The trend is continuing to grow in popularity as more law enforcement organizations have been impacted by cyberattacks this month. Just recently, the Conti ransomware group claimed to attack the Intelligence Agency in Peru and leaked their data which created a significant precedent in the security community. DDOS Secrets – another notable group of threat actors, has released 285,635 leaked emails from Nauru Police.
The most typical scenarios involving attacks on law enforcement systems include:
Protest activity (15%)
Unauthorized access (25%)
Law enforcement systems and applications abuse (8%)
Data theft (12%)
Based on the published research, such malicious activity is especially visible in countries of Latin America, South-East Asia, and offshore jurisdictions. Last year, Resecurity registered a targeted security incident related to one of the law enforcement organizations in the Middle East and its counterpart in the face of one of the international police organizations.
“Sophisticated bad actors and APT groups are actively targeting law enforcement agencies worldwide. Traditional cybercriminals are also an important component in this process, as state-supported actors may be actively collaborating with them for further planned cyberattacks and targeted network intrusions.
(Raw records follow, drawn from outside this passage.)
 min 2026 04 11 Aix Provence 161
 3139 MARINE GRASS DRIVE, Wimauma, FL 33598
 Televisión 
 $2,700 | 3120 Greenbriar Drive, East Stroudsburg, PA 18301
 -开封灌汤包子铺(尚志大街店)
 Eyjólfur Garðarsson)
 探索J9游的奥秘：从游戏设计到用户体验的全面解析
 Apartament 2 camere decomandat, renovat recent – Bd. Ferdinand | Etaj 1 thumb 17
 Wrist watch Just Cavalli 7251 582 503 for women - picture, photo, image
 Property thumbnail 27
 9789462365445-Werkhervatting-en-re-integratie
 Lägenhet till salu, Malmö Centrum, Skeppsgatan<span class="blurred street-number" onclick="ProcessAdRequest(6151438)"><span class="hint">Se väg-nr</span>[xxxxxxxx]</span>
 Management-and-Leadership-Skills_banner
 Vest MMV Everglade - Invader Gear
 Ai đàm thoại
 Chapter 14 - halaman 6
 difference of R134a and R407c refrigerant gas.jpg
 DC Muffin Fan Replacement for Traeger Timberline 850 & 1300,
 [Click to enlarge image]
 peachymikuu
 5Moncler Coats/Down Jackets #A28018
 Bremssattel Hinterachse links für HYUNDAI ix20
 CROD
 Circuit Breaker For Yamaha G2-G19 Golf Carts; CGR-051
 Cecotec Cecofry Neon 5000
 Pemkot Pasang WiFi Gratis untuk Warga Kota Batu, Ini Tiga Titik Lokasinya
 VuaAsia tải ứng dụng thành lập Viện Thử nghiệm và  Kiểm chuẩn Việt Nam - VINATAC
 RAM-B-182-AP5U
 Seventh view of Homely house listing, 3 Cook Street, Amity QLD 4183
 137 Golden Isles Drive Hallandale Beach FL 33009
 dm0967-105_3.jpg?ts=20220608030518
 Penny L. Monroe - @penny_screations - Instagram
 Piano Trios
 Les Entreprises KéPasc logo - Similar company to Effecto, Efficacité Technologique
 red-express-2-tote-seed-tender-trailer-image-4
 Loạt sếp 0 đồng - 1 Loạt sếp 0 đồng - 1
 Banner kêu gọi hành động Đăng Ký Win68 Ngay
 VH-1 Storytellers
Investigation of such incidents is a complicated process due to the significant sensitivity involved,” said Christian Lees, CTO of Resecurity.
Resecurity is committed to protecting consumers and enterprises all over the globe, and is actively involved in public-private partnerships to share actionable cyber threat intelligence (CTI) with financial institutions, technology companies and law enforcement to ultimately minimize the risk of credentials being compromised and data breaches being executed.